** What needs to be done **
Transcribe the entries exactly as given and skip whatever images they hold.

** Scraped caption text data **
%%
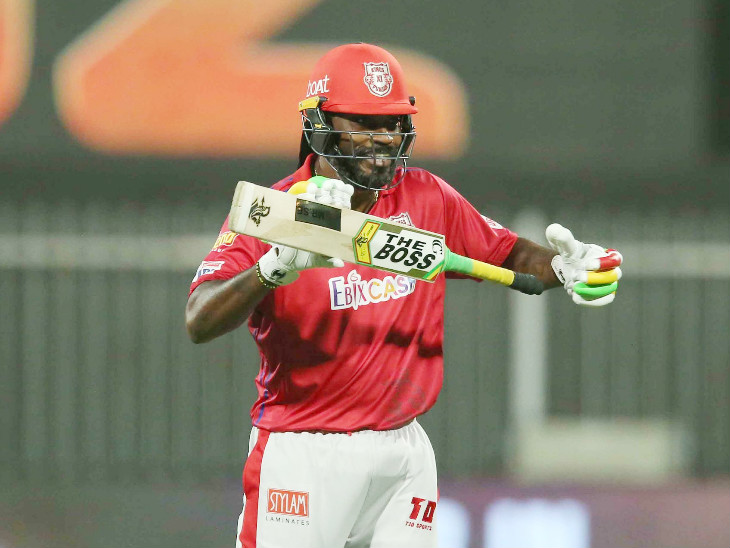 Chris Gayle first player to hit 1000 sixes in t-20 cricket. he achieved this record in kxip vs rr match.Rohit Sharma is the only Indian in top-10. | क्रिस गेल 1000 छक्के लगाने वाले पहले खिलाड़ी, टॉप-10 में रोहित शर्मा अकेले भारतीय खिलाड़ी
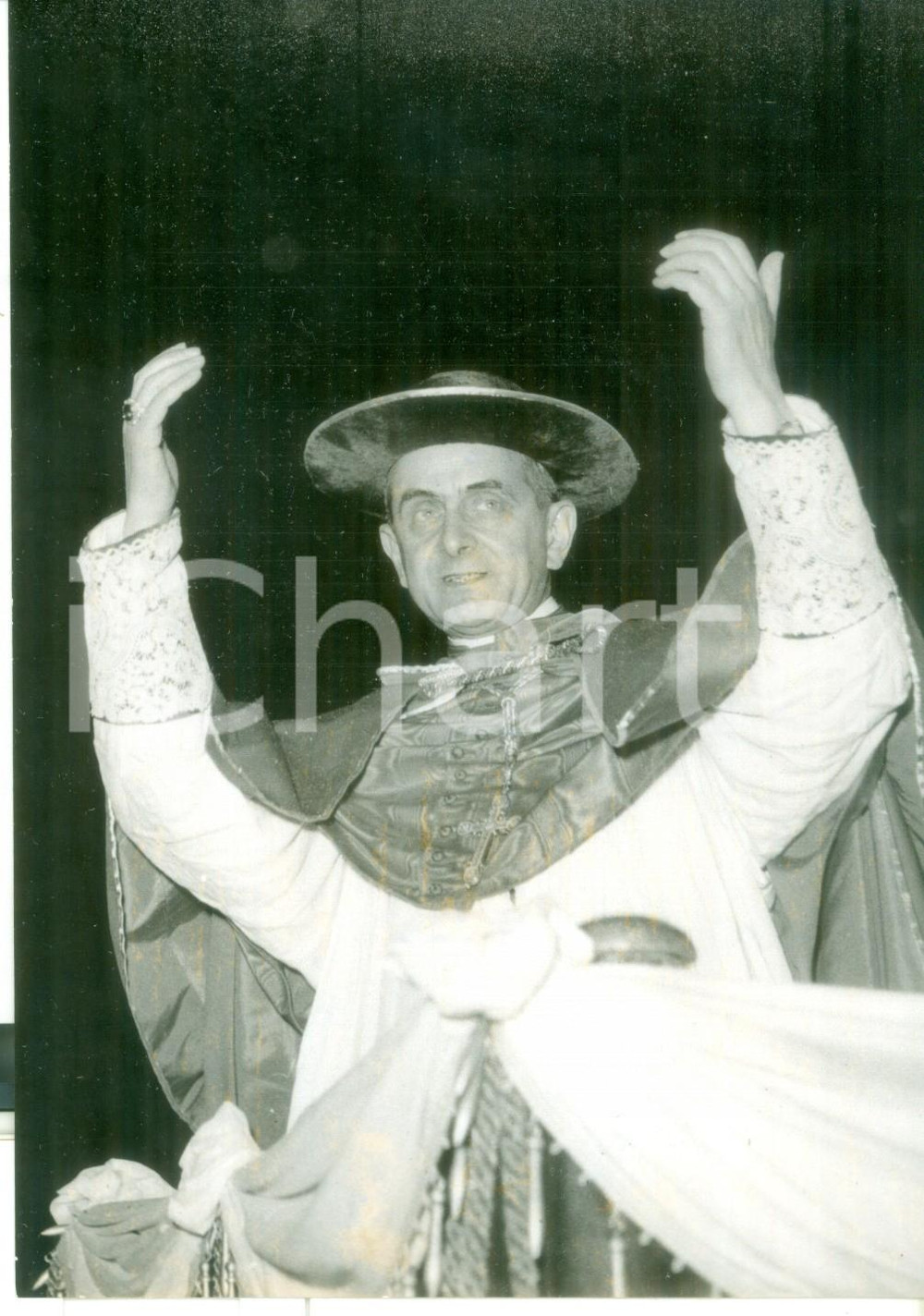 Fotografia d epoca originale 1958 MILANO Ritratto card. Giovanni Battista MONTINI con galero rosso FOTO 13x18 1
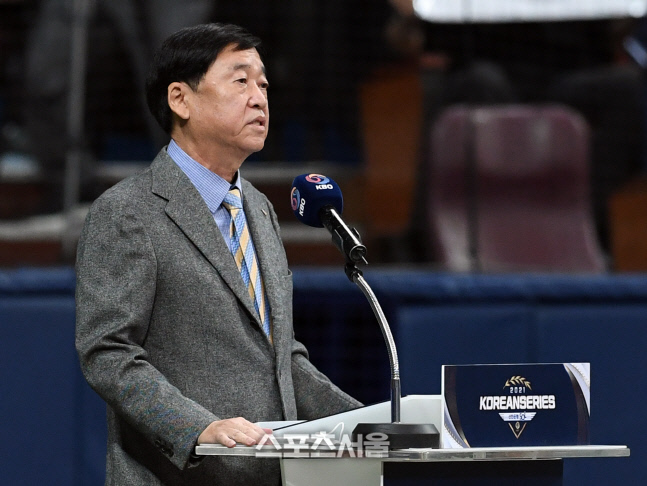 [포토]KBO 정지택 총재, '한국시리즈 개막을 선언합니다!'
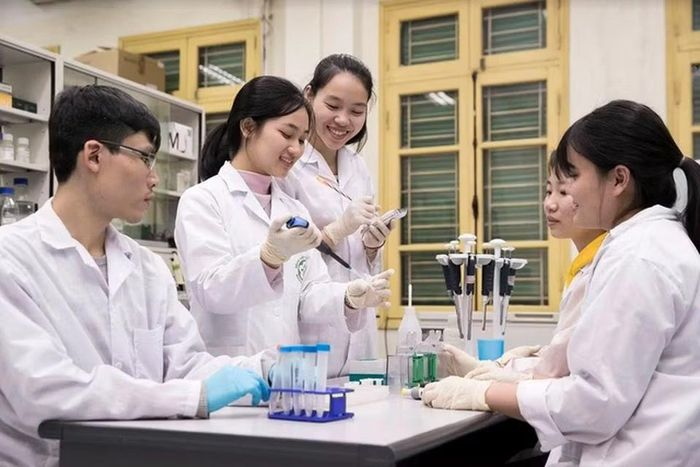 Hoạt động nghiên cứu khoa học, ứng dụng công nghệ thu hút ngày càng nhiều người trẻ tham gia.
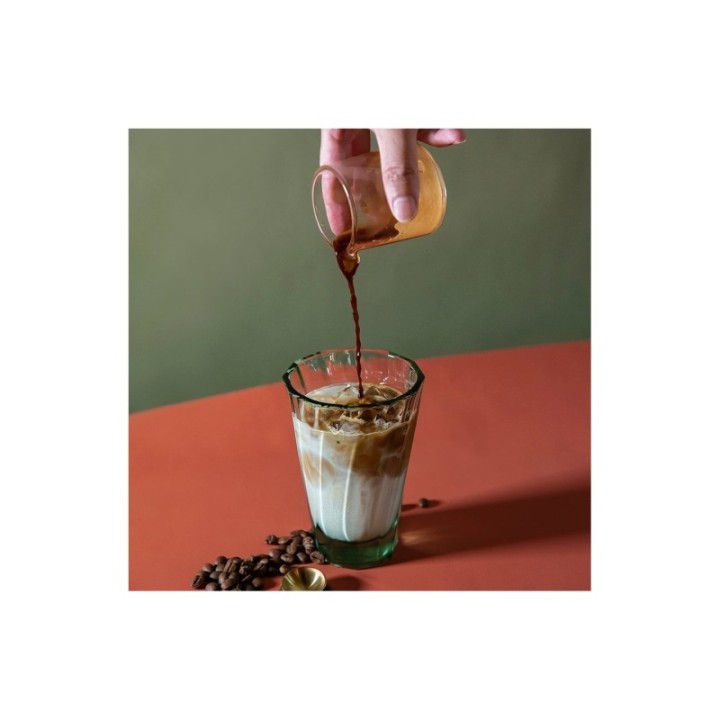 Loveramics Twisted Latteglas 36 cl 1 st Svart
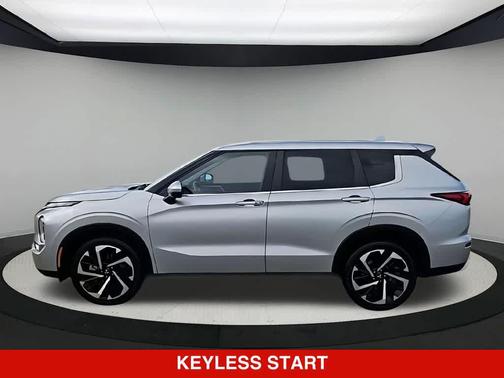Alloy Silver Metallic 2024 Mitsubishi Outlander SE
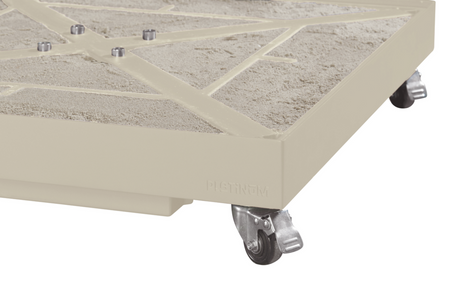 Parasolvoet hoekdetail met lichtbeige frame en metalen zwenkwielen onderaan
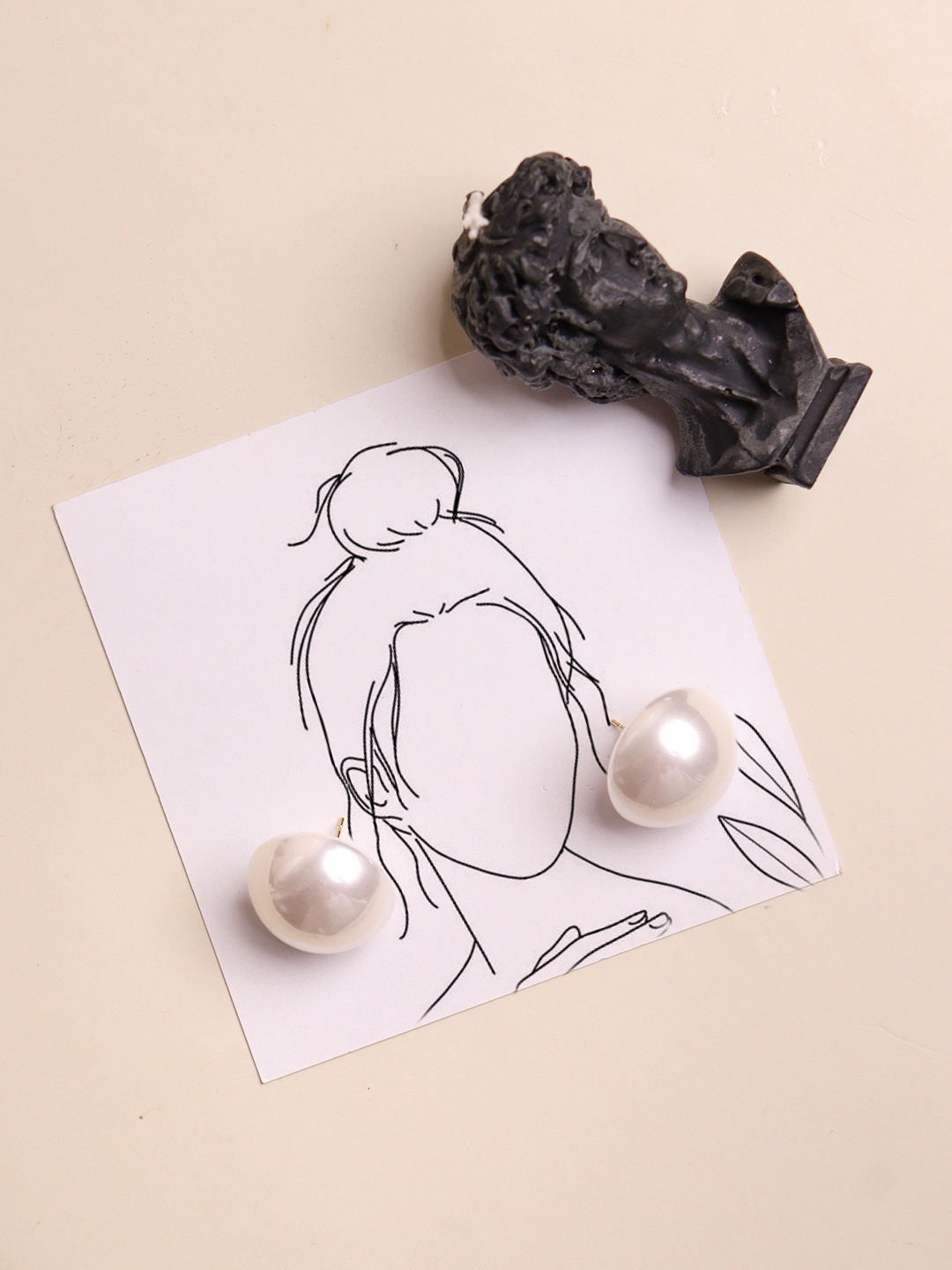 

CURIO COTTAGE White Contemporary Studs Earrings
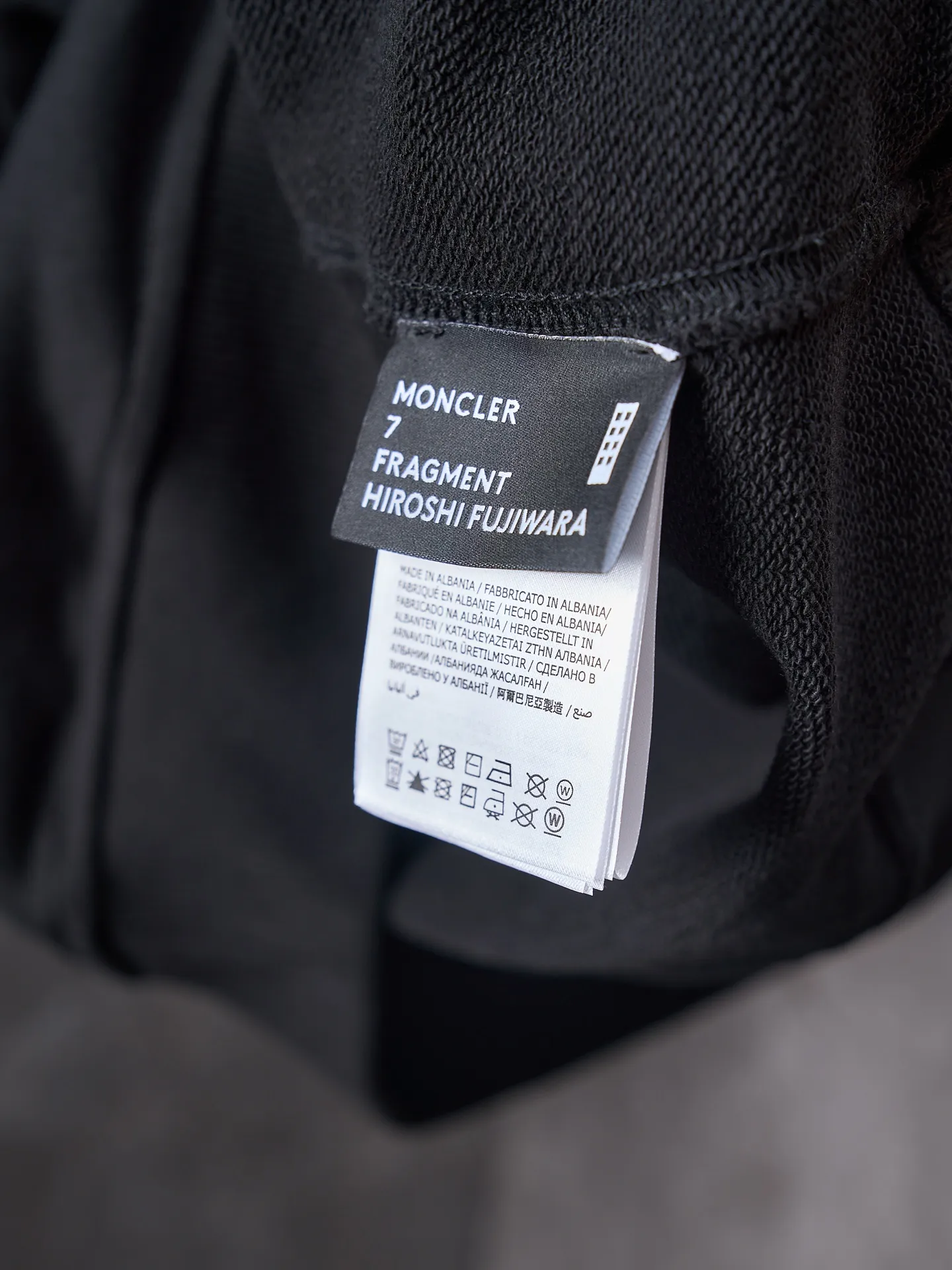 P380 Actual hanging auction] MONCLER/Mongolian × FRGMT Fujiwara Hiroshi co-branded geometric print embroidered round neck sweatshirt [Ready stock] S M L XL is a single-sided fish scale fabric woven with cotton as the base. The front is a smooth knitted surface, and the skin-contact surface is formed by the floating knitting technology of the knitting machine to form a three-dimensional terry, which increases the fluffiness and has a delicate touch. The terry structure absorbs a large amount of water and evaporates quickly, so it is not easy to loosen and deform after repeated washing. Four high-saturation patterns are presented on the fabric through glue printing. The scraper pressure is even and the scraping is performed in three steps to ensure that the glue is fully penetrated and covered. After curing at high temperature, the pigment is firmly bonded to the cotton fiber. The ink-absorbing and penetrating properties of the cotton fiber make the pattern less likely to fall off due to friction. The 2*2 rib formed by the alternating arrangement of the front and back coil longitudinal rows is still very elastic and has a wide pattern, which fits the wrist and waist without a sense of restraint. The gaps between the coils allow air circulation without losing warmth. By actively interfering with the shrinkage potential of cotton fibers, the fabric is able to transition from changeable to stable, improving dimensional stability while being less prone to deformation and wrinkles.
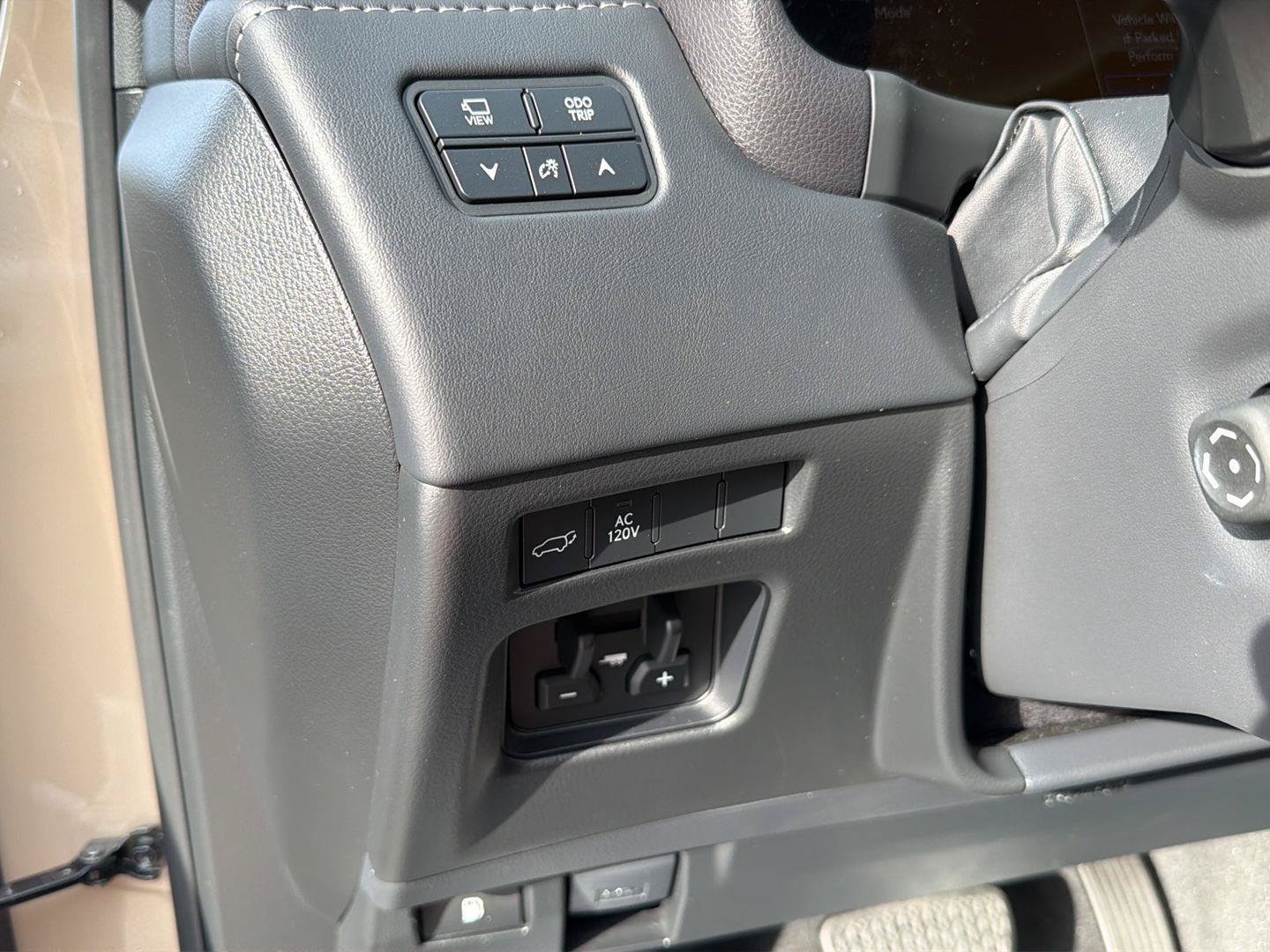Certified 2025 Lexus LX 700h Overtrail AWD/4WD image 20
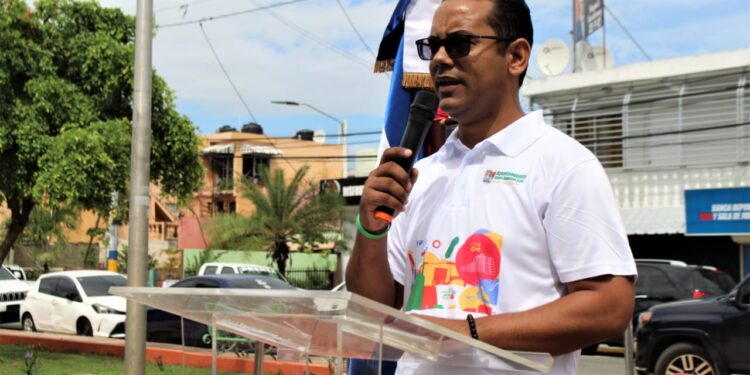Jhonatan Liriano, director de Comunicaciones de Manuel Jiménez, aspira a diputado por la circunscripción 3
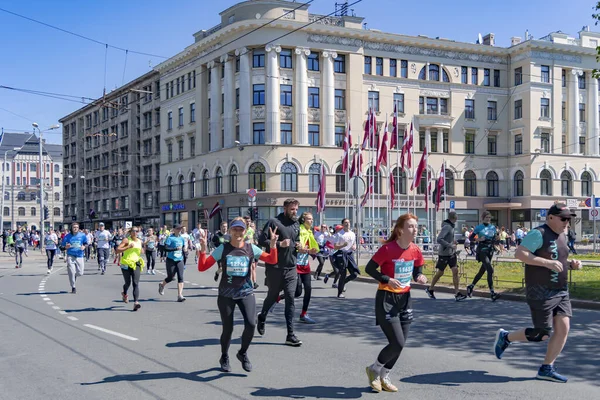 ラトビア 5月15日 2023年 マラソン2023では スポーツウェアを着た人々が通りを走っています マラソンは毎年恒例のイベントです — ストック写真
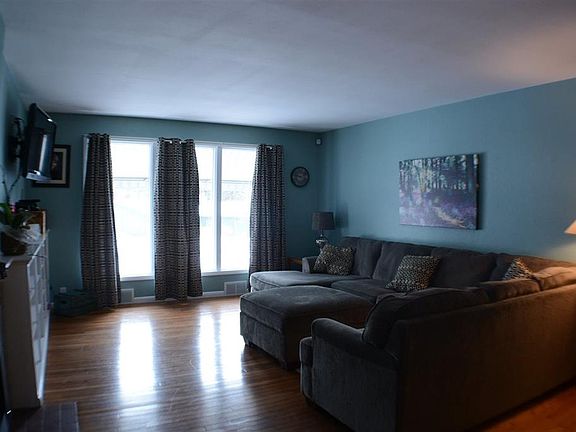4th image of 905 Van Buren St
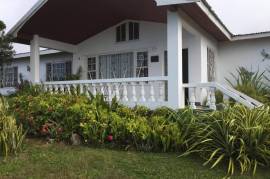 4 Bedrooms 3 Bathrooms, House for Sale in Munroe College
%%
** Output for this exercise **
 Chris Gayle first player to hit 1000 sixes in t-20 cricket. he achieved this record in kxip vs rr match.Rohit Sharma is the only Indian in top-10. | क्रिस गेल 1000 छक्के लगाने वाले पहले खिलाड़ी, टॉप-10 में रोहित शर्मा अकेले भारतीय खिलाड़ी
 Fotografia d epoca originale 1958 MILANO Ritratto card. Giovanni Battista MONTINI con galero rosso FOTO 13x18 1
 [포토]KBO 정지택 총재, '한국시리즈 개막을 선언합니다!'
 Hoạt động nghiên cứu khoa học, ứng dụng công nghệ thu hút ngày càng nhiều người trẻ tham gia.
 Loveramics Twisted Latteglas 36 cl 1 st Svart
Alloy Silver Metallic 2024 Mitsubishi Outlander SE
 Parasolvoet hoekdetail met lichtbeige frame en metalen zwenkwielen onderaan

CURIO COTTAGE White Contemporary Studs Earrings
 P380 Actual hanging auction] MONCLER/Mongolian × FRGMT Fujiwara Hiroshi co-branded geometric print embroidered round neck sweatshirt [Ready stock] S M L XL is a single-sided fish scale fabric woven with cotton as the base. The front is a smooth knitted surface, and the skin-contact surface is formed by the floating knitting technology of the knitting machine to form a three-dimensional terry, which increases the fluffiness and has a delicate touch. The terry structure absorbs a large amount of water and evaporates quickly, so it is not easy to loosen and deform after repeated washing. Four high-saturation patterns are presented on the fabric through glue printing. The scraper pressure is even and the scraping is performed in three steps to ensure that the glue is fully penetrated and covered. After curing at high temperature, the pigment is firmly bonded to the cotton fiber. The ink-absorbing and penetrating properties of the cotton fiber make the pattern less likely to fall off due to friction. The 2*2 rib formed by the alternating arrangement of the front and back coil longitudinal rows is still very elastic and has a wide pattern, which fits the wrist and waist without a sense of restraint. The gaps between the coils allow air circulation without losing warmth. By actively interfering with the shrinkage potential of cotton fibers, the fabric is able to transition from changeable to stable, improving dimensional stability while being less prone to deformation and wrinkles.
Certified 2025 Lexus LX 700h Overtrail AWD/4WD image 20
Jhonatan Liriano, director de Comunicaciones de Manuel Jiménez, aspira a diputado por la circunscripción 3
 ラトビア 5月15日 2023年 マラソン2023では スポーツウェアを着た人々が通りを走っています マラソンは毎年恒例のイベントです — ストック写真
4th image of 905 Van Buren St
 4 Bedrooms 3 Bathrooms, House for Sale in Munroe College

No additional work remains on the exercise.